Stored data ::
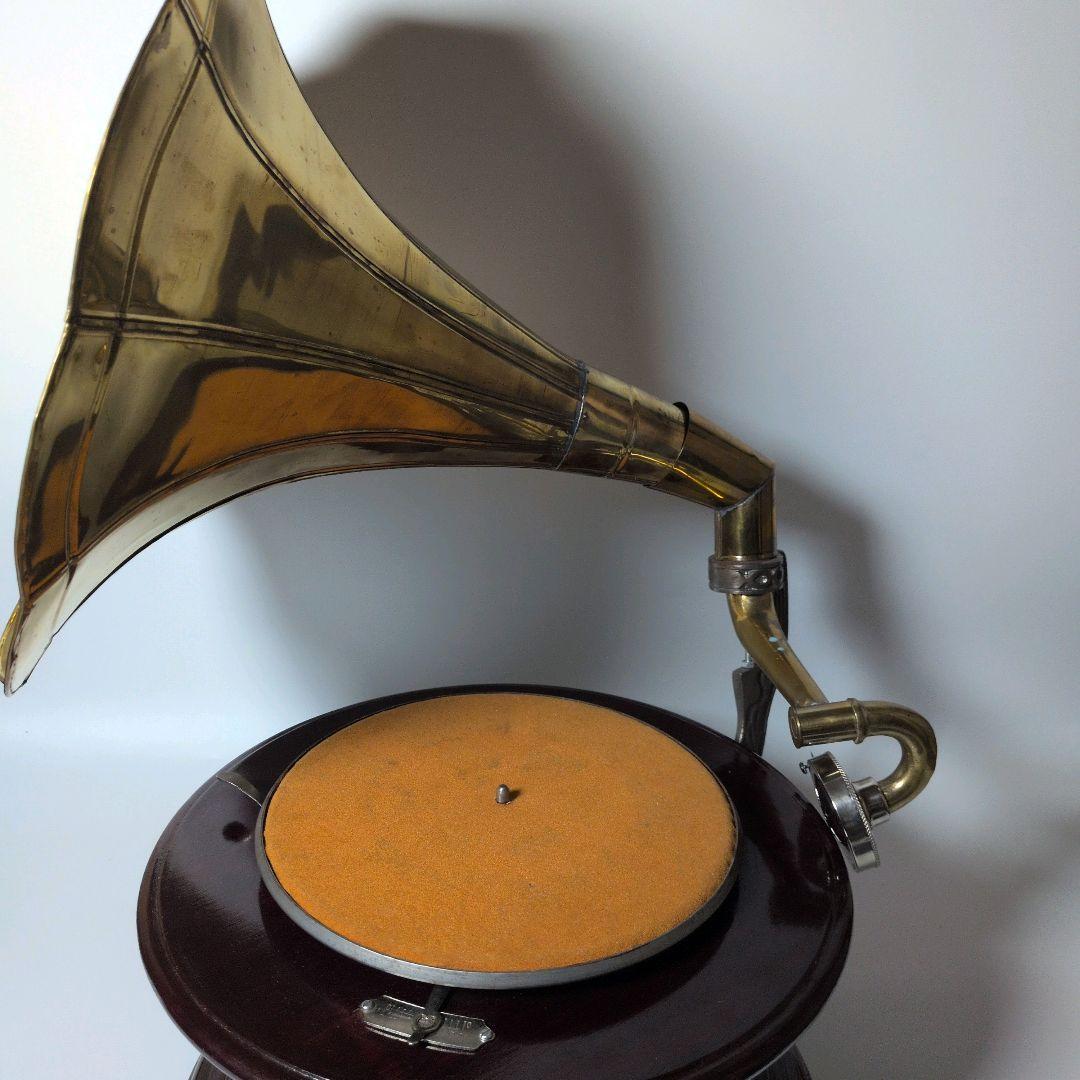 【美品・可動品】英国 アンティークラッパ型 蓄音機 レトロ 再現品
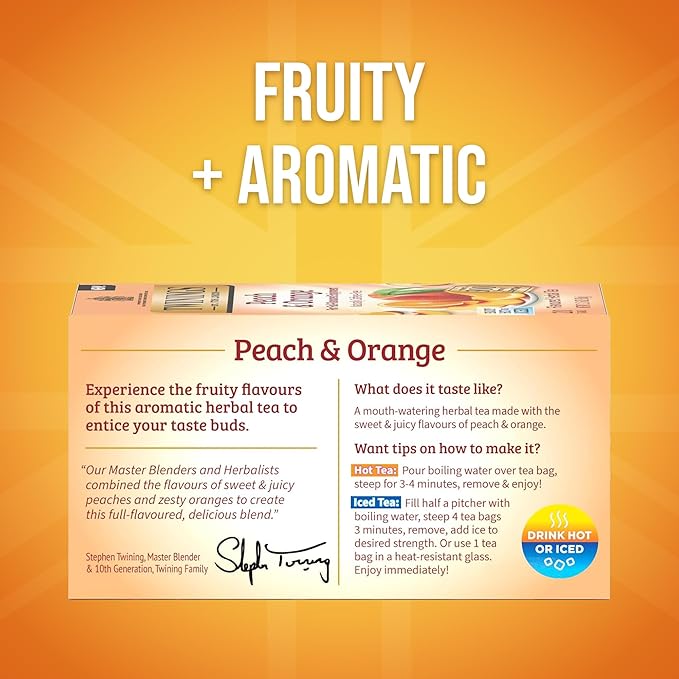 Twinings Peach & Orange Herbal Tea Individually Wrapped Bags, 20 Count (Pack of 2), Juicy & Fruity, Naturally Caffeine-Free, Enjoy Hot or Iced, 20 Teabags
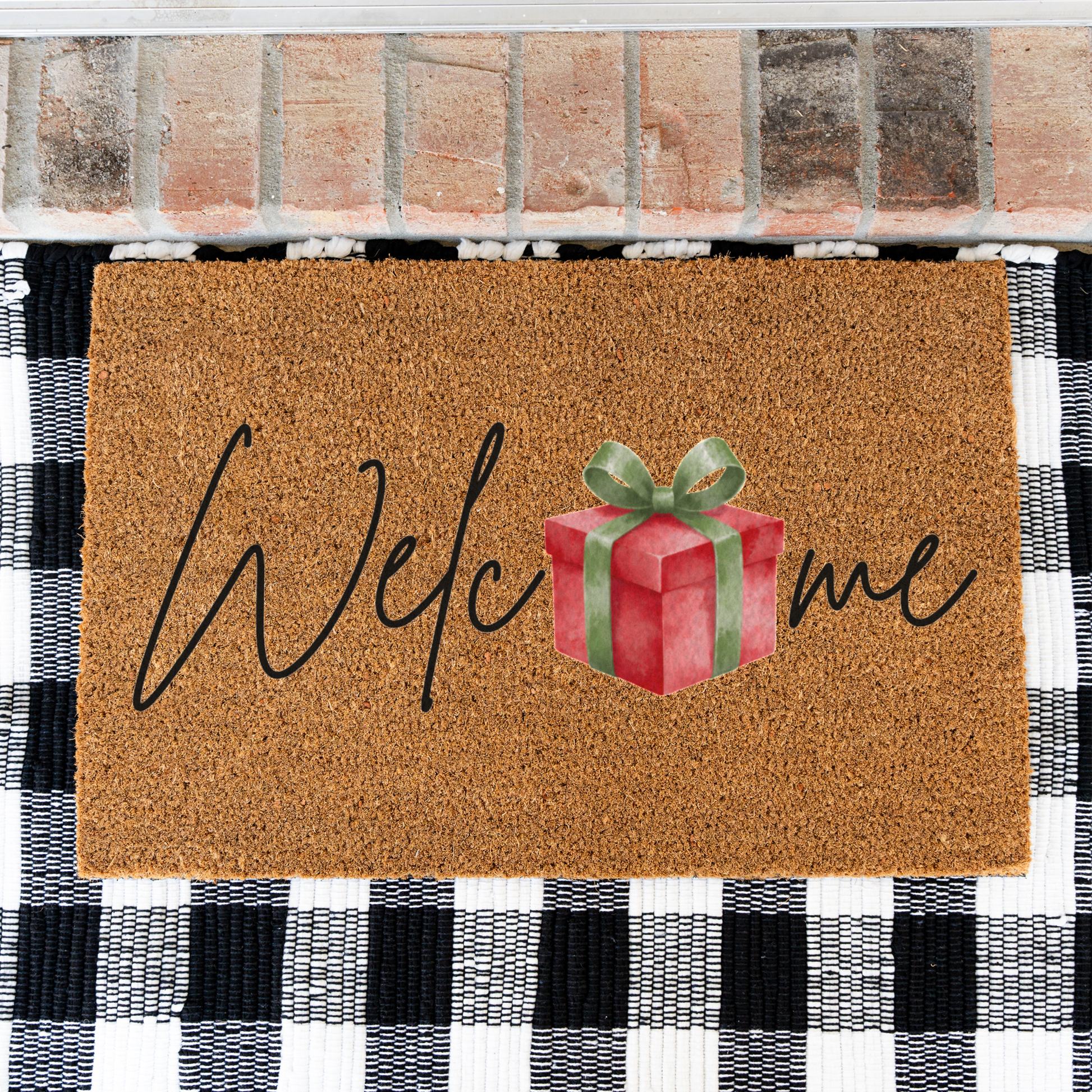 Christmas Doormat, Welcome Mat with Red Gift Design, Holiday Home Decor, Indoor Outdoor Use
==
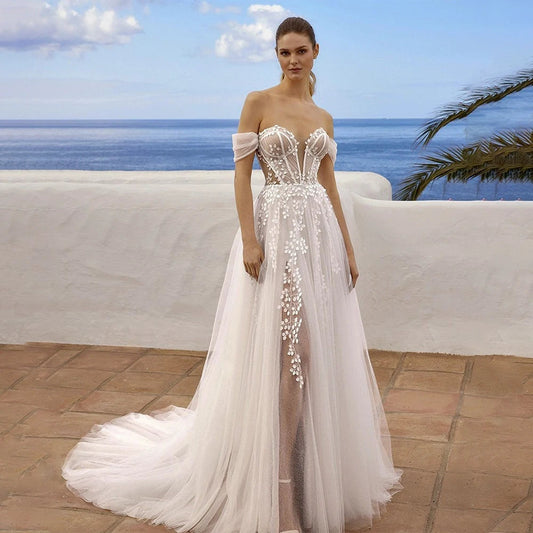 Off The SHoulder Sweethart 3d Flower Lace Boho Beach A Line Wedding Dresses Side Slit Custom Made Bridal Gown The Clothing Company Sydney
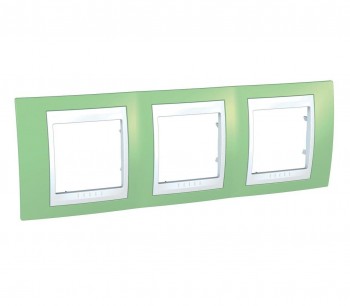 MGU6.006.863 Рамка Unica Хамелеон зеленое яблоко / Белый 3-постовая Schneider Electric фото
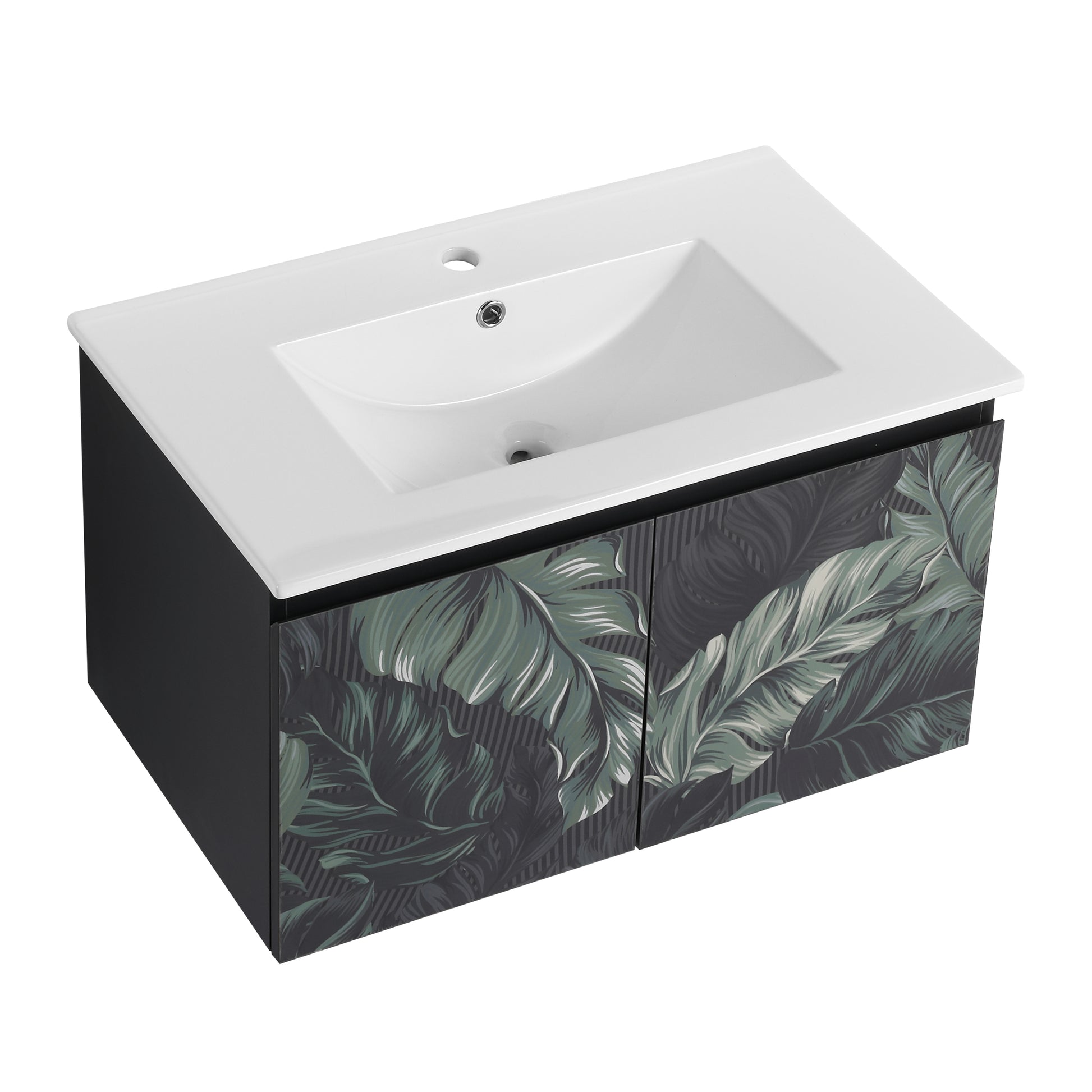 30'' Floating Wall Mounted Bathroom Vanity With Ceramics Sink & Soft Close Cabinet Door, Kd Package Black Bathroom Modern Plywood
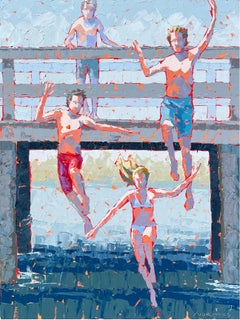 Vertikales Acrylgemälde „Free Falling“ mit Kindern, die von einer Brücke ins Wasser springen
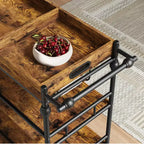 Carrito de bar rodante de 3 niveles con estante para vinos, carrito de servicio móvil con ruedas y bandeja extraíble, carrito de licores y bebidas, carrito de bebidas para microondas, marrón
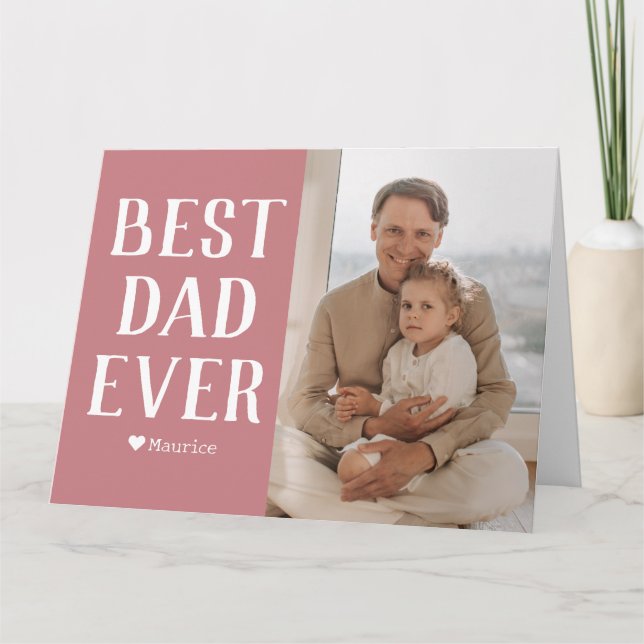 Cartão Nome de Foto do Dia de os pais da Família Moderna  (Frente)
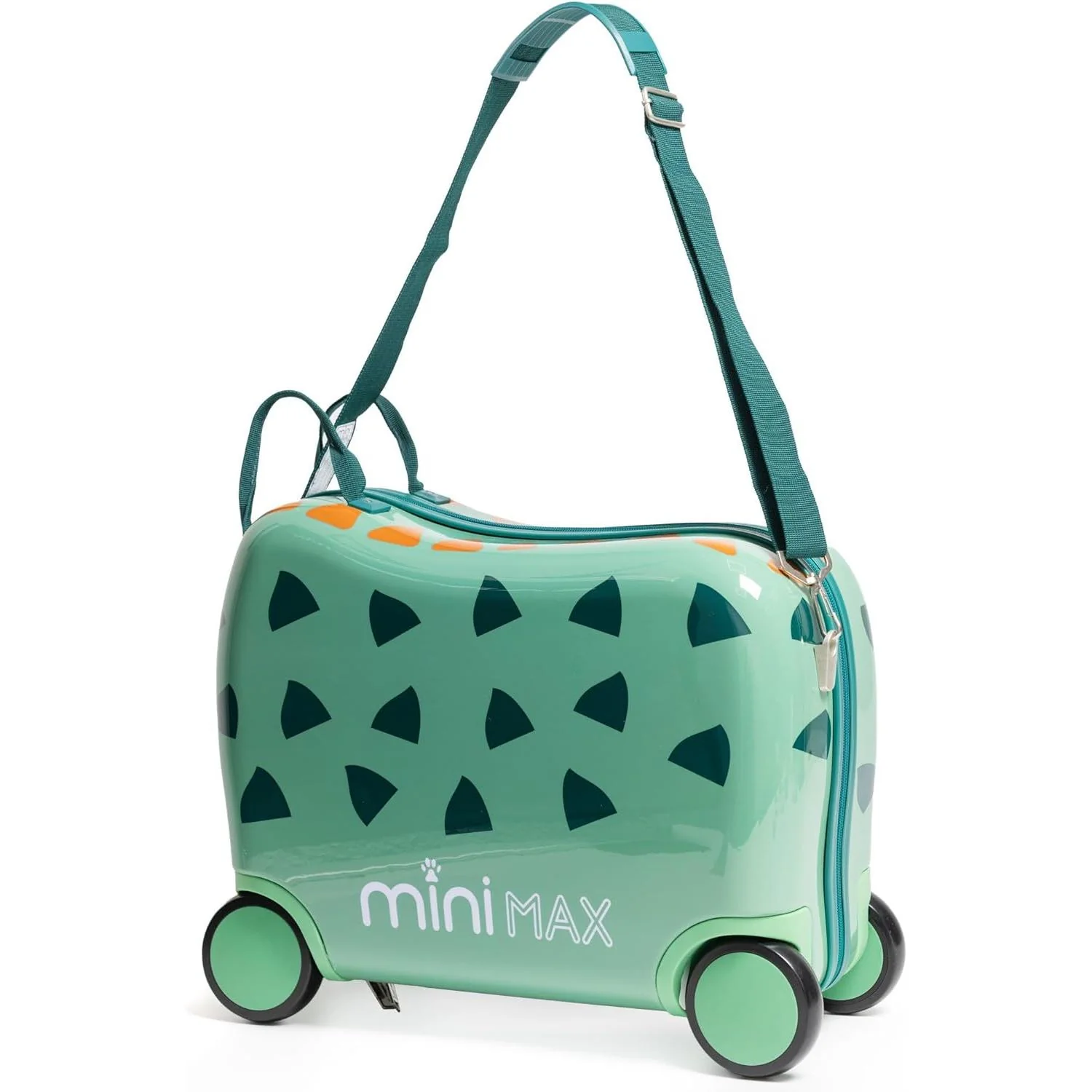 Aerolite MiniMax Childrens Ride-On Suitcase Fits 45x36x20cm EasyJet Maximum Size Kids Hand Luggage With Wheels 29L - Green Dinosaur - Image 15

Directions for this task ::
How would the lines above read from the one with "Off The SHoulder" to the one with "Vertikales Acrylgemälde „Free", inclusive, with no pictures? Write them out exactly.

Your response ::
 Off The SHoulder Sweethart 3d Flower Lace Boho Beach A Line Wedding Dresses Side Slit Custom Made Bridal Gown The Clothing Company Sydney
 MGU6.006.863 Рамка Unica Хамелеон зеленое яблоко / Белый 3-постовая Schneider Electric фото
 30'' Floating Wall Mounted Bathroom Vanity With Ceramics Sink & Soft Close Cabinet Door, Kd Package Black Bathroom Modern Plywood
 Vertikales Acrylgemälde „Free Falling“ mit Kindern, die von einer Brücke ins Wasser springen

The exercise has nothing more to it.